(Extracted information)

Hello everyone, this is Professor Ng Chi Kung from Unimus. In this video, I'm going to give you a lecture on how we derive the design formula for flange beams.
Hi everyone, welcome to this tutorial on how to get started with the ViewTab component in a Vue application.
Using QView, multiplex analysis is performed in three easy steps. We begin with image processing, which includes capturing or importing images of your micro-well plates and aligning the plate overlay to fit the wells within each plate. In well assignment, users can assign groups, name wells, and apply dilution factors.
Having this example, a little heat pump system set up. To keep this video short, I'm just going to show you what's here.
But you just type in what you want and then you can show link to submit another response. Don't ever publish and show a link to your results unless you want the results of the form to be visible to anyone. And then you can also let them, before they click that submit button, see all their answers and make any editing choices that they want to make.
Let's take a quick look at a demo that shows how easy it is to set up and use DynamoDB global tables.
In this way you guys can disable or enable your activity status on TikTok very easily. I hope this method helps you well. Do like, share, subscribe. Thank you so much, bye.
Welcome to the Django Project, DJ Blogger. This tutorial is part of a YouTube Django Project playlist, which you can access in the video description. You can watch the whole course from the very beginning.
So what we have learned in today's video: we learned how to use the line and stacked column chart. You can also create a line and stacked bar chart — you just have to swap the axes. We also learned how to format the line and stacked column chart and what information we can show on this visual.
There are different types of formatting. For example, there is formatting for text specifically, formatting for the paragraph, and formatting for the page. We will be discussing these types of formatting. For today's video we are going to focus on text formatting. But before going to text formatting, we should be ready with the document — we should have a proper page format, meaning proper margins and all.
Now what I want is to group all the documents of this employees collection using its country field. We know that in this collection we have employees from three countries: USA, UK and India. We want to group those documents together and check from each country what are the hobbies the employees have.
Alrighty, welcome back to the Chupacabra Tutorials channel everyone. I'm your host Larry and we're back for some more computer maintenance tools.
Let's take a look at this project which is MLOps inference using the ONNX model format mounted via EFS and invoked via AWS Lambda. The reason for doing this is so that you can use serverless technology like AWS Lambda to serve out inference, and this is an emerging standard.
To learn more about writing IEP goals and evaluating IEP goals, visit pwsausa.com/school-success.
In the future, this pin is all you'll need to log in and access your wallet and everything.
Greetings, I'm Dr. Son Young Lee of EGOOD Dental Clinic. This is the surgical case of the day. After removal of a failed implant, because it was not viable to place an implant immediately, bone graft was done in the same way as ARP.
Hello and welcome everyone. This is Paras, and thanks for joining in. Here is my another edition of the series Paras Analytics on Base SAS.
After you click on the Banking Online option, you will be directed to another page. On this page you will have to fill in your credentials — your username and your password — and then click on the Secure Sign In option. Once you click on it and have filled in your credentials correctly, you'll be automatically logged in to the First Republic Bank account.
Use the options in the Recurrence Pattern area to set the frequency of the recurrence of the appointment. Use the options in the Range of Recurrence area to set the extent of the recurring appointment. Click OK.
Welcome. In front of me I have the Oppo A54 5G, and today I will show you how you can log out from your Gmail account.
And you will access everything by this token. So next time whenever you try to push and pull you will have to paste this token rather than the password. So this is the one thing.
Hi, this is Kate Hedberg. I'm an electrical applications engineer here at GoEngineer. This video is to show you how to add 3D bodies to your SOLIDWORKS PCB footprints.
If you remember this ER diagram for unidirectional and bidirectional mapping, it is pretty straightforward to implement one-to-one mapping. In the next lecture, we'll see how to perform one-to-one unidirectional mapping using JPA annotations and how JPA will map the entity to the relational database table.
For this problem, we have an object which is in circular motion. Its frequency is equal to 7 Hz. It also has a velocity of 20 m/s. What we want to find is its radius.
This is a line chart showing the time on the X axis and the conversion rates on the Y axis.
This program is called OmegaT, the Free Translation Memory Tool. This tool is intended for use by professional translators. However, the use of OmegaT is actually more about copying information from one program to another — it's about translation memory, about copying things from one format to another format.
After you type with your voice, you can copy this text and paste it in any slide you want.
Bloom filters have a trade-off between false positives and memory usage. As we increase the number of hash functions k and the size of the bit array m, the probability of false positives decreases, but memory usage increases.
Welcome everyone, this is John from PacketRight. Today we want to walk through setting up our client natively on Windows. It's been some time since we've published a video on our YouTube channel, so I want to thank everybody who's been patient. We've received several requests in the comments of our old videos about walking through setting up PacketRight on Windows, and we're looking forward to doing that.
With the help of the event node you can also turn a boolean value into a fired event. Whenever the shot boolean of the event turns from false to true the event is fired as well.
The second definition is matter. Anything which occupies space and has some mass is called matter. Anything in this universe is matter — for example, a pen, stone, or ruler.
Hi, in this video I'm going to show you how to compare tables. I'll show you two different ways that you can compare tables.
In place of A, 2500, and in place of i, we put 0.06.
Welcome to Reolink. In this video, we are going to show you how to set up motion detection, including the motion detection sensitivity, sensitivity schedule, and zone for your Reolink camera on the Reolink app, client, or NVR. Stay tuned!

(End Extracted information)

Your assignment: Your answer should consist solely of the lines above from the line with "Now what I want" to the line with "Greetings, I'm Dr.", both included, reproduced exactly.

Exercise solution:
Now what I want is to group all the documents of this employees collection using its country field. We know that in this collection we have employees from three countries: USA, UK and India. We want to group those documents together and check from each country what are the hobbies the employees have.
Alrighty, welcome back to the Chupacabra Tutorials channel everyone. I'm your host Larry and we're back for some more computer maintenance tools.
Let's take a look at this project which is MLOps inference using the ONNX model format mounted via EFS and invoked via AWS Lambda. The reason for doing this is so that you can use serverless technology like AWS Lambda to serve out inference, and this is an emerging standard.
To learn more about writing IEP goals and evaluating IEP goals, visit pwsausa.com/school-success.
In the future, this pin is all you'll need to log in and access your wallet and everything.
Greetings, I'm Dr. Son Young Lee of EGOOD Dental Clinic. This is the surgical case of the day. After removal of a failed implant, because it was not viable to place an implant immediately, bone graft was done in the same way as ARP.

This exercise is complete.